Data:
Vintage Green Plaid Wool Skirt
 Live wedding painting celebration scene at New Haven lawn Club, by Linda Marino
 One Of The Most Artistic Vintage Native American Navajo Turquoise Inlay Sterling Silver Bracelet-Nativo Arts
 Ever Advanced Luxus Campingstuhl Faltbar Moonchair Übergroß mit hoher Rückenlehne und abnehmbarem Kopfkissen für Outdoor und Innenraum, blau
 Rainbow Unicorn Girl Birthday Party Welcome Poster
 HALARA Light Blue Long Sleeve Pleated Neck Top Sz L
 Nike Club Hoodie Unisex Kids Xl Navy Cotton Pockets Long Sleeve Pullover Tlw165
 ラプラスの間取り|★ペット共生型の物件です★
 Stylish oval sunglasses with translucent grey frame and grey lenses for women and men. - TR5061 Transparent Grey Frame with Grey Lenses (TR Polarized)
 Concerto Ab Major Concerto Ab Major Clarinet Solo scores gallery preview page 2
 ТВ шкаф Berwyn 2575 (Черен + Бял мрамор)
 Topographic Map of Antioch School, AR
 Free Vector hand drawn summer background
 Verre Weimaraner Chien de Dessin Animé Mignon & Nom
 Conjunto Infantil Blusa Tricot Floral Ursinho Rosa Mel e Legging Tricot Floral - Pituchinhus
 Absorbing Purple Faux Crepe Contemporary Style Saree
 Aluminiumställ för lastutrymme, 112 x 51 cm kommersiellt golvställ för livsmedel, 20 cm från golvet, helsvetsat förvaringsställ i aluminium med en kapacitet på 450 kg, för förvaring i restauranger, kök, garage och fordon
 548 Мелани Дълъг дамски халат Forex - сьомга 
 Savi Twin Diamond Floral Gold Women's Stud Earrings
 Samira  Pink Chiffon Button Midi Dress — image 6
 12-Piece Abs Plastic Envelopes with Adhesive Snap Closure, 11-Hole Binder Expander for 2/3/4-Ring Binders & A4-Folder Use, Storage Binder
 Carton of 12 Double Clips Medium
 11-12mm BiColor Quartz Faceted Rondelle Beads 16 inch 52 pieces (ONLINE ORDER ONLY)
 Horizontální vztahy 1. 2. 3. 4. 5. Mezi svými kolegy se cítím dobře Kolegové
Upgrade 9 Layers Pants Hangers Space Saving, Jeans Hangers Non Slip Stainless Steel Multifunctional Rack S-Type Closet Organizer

Problem to solve: Please copy out each line of the listing above that contains the string "Long".

Solution to this problem:
 HALARA Light Blue Long Sleeve Pleated Neck Top Sz L
 Nike Club Hoodie Unisex Kids Xl Navy Cotton Pockets Long Sleeve Pullover Tlw165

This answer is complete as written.